Tim Cook has finished in the second runners-up spot for this years’ Time Magazine Person of the Year award. Time Magazine has announced that this year’s outright winner would be US President Barack Obama. Time then revealed its four runners-up and in order they were Malala Yousafzai, Apple CEO Tim Cook, Egyptian president Mohammed Morsi and Italian physicist Fabiola Gianotti, respectively. Cook was handpicked by the late Steve Jobs to take over his position at Apple back in 2011. Time Magazine says:
And like an Apple product, Cook runs smooth and fast. When Jobs died on Oct. 5, 2011, of pancreatic cancer, there were questions about whether Cook could lead Apple. Some, myself included, wondered whether Apple was even a viable company without Jobs. Since then Cook has gone about his business apparently unintimidated by his role as successor to one of the greatest innovators in history. Cook’s record hasn’t been flawless, but he has presided in a masterly way over both a thorough, systematic upgrading of each of the company’s major product lines and a run-up in the company’s financial fortunes that can only be described as historic.
The award is given every year by Time Magazine to recognise the people who have done the most to influence the events of that particular year. As a result of finishing as a runner-up, Tim Cook will appear on one of the covers of the Time Magazine “Person of the Year issue. Writer Lev Grossman has already written a detailed profile charting Tim Cook’s first full year as Apple’s CEO. The profile is well worth reading and includes some interesting insight into Cook’s daily working routines.
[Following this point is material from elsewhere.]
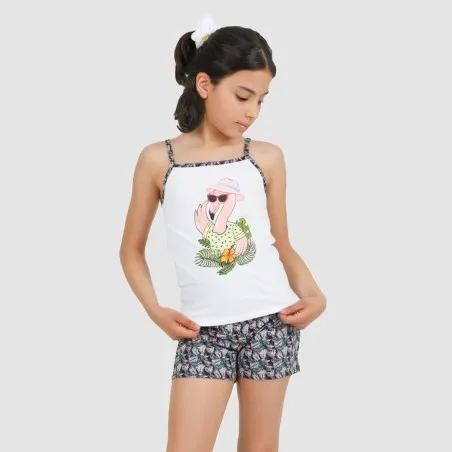 Ensemble fille bretelle et short FLAMANT ROSE - KONTAKT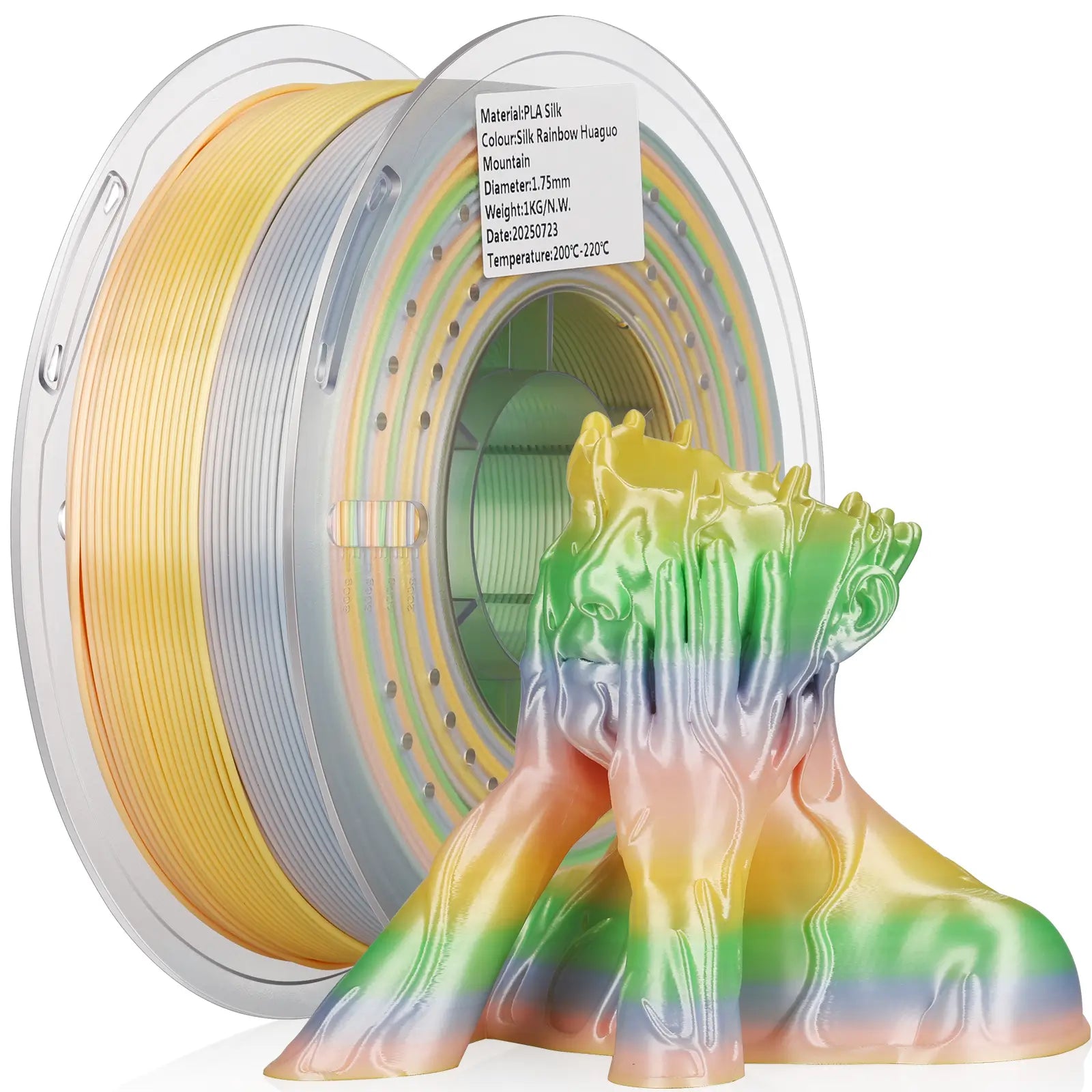 LANDU Silk PLA Rainbow Huaguo Mountain 3D printer filament 1kg transparent spool alongside a vibrant gradient 3D printed bust.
Cook does have a few things in common with Jobs. He’s a workaholic, and not of the recovering kind. He wakes up at 3:45 every morning (“Yes, every morning”), does e-mail for an hour, stealing a march on those lazy East Coasters three time zones ahead of him, then goes to the gym, then Starbucks (for more e-mail), then work. “The thing about it is, when you love what you do, you don’t really think of it as work. It’s what you do. And that’s the good fortune of where I find myself.”